In 2017, the maximum amount that a Central Government employee could borrow for the construction or purchase of a new house or apartment unit increased to ₹25 lakh, up from the previous limit of ₹7.50 lakh. Employees can borrow up to 34 months of their basic pay, with a cap of ₹25 lakh, the cost of the house or flat, or an amount based on their repayment capacity—whichever is the lowest. If both spouses are central government employees, they can apply for the Housing Building Advance (HBA) either jointly or separately. Additionally, the interest rate on the HBA will be set at a simple interest rate of 8.50%.
Name | Designation | Role in Commission |
---|---|---|
Ashok Kumar Mathur [15] | Former judge of the Supreme Court of India and former chairman of the Armed Forces Tribunal | Chairman |
Vivek Rae [16] | Retired Secretary of the Ministry of Petroleum and Natural Gas | Member (Full Time) |
Dr. Rathin Roy [17] | Director of the NIPFP | Member (Part Time) |
Meena Agarwal | Officer on Special Duty at the Department of Expenditure, Ministry of Finance | Secretary |
In May 2014, a group of retired government officials challenged the inclusion of a senior IAS officer in the three-member Seventh Pay Commission in the Delhi High Court. They argued that this could result in an inherent bias in the commission's recommendations, favouring IAS officers over other government employees. [18]
The Seventh Pay Commission's recommendations caused concerns in the Armed Forces, particularly regarding the separate pay scales and allowances for the Armed Forces, Defence civilians, police, and other civil servants.

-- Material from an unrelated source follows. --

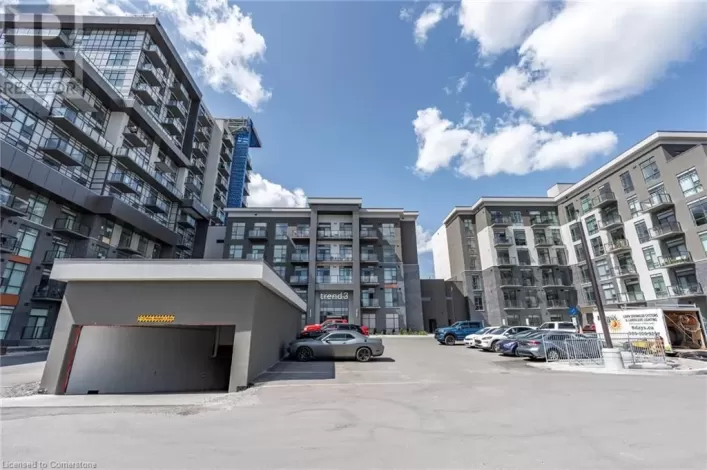 470 DUNDAS Street E Unit# 902, Waterdown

While the Seventh Pay Commission provides for time-scale promotions at regular intervals (4, 9, 13, 14, and 16 years of service) for defence civilians, police officers, and others, no such provision exists for Armed Forces officers.[ citation needed ]

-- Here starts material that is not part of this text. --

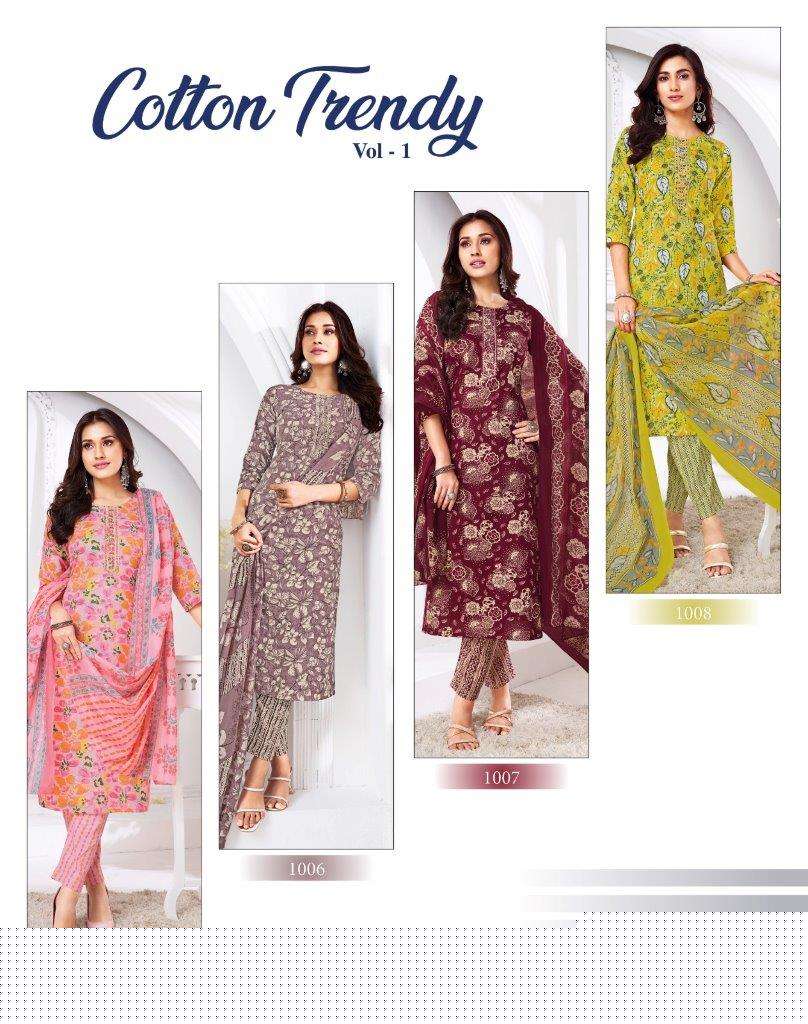 Cotton-Trendy-Radhika-Lifestyle-Asliwholesale-Catalogue1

In March 2016, eighteen former heads of the Armed Forces, including General Ved Prakash Malik (former Chief of Army Staff) and Admiral Arun Prakash (former Chief of Naval Staff), sent a joint letter to the Prime Minister, expressing their concerns over the recommendations of the Seventh Pay Commission. However, the government issued instructions in July 2016, implementing the Seventh Pay Commission's recommendations on pay, including separate pay matrices for civilians and the Armed Forces, without any significant changes.[ citation needed ]
On 16 January 2025, the Minister of Railways Ashwini Vaishnav announced the constitution of the Eighth Pay Commission. [19]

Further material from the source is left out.